Opinion
CIVIL ACTION NO. 3:07-CV-139-H.
July 17, 2007
MEMORANDUM OPINION
Plaintiff, Tres Jeanee, Inc. f/d/b/a Oscar Brown's South Beach Station ("Tres Jeanee") entered into an agreement with Brolin Retail Systems Midwest, Inc. ("Brolin") for the purchase, sale, and installation of a restaurant computer system. When the system allegedly failed to function properly, Tres Jeanee sued Brolin for breach of warranties, breach of contract, and negligence. Tres Jeanee also sued Micros Systems, Inc. ("Micros"), the manufacturer of the computer system, for breach of express warranty and implied warranty of merchantability. Defendants have moved to compel arbitration and stay proceedings, pointing to an arbitration clause contained in the purchase, sale, and installation agreement between Tres Jeanee and Brolin contains. Tres Jeanee concedes to arbitration with Brolin, but opposes arbitration with Micros since it was not party to the agreement. For the following reasons, the Court does not believe that Micros can compel Tres Jeanee to arbitrate their claims against Micros.
I.
In or around December 2003, Tres Jeanee contracted with Brolin for the purchase, installation, and service of a retail computer system comprised of a Micros 3700 PC server, hardware, and software, for use in its restaurant, Oscar Brown's South Beach Station. The agreement between Tres Jeanee and Brolin contained the following arbitration clause:
The validity of any controversy or claim arising out of or in connection with this Agreement shall be subject to Arbitration by a single arbitrator under the auspices of the American Arbitration Association ("AAA") pursuant to its commercial Arbitration Rules
. . . .
The computer system had been manufactured by Micros. According to Tres Jeanee, the system failed to function properly from the date of its installation until the removal of the system in the fall of 2006.
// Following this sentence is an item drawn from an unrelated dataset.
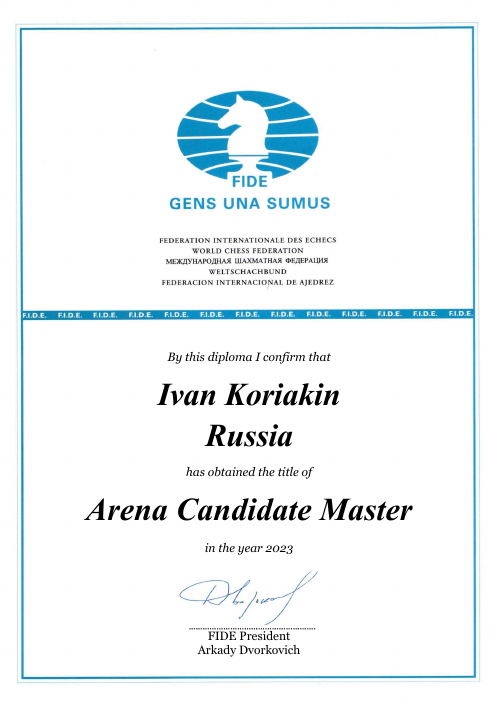 User certificate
Tres Jeanee sued both Brolin and Micros for breach of express warranty and breach of implied warranty of merchantability. Tres Jeanee brought several additional claims against Brolin alone for breach of warranty of fitness for a particular purpose, breach of contract, breach of implied covenant of good faith and fair dealing, and negligence. Defendants have moved to compel arbitration.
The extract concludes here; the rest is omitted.